Furga: Canneto sull'Oglio (Mantova), 1862-1925. Fabbrica di bambole in cera su composizione, poi gradualmente dalla sola testa a tutte in bisquit, con il marchio "Furga-Canneto sull'Oglio", seguito dal numero di serie;
Mayer Fels: Milano, fine del secolo scorso. Fabbrica di bambole con la testa in bisquit, marcate con la sigla costituita dalle iniziali "M.F.".

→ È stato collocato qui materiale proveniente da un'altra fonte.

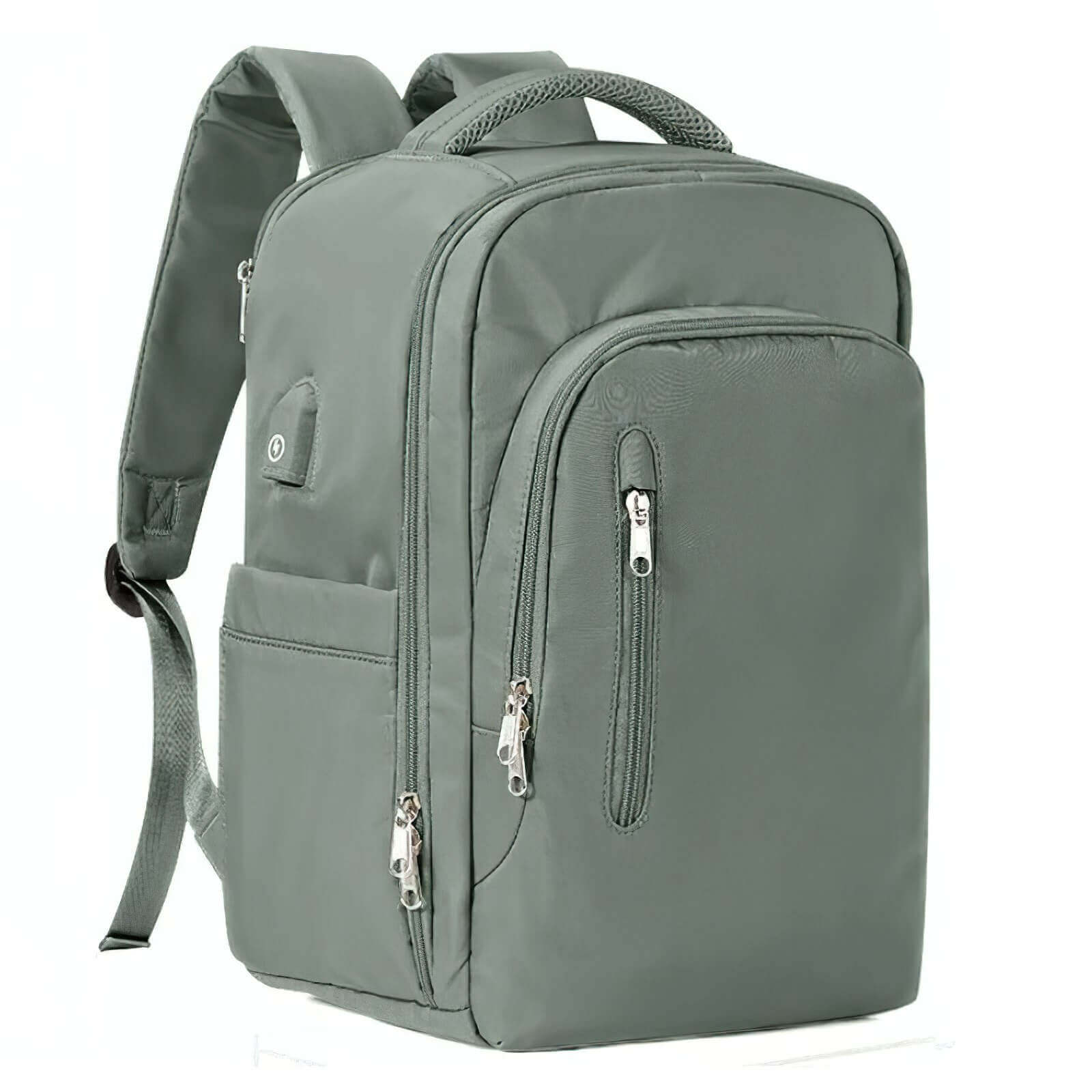 sac à dos 40 30 20 cm couleur vert foncé vue de profil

Agli inizi del '900 fabbricano bambole anche le ditte: Milano-Bollate; Antenore; Mario Franco; Cardini, di Omegna; Ingap, di Padova. Ma quella che riesce ad affermarsi su tutti i mercati del mondo è la ditta:
Elena Konig e Enzo Scavini: Torino, 1920 circa. Creatori e fabbricanti della famosa bambola "Lenci" (così chiamata dalle iniziali delle parole latine che indicano la finalità della ditta: "Ludus Est Nobis Constater Industria": produzione rivoluzionaria, tutta in panno pressato, che pur di prezzo elevatissimo ebbe ovunque grandissimo successo, ed ancora oggi occupa un posto di primo piano nelle collezioni. Essa veniva posta in vendita con un cartellino sul quale erano indicati il numero della serie e la data del brevetto (1921); a volte, invece, semplicemente marcate sotto un piedino con la scritta "Lenci-Made in italy". Molte sono state le ditte che l'hanno imitata, adoperando materiale similare.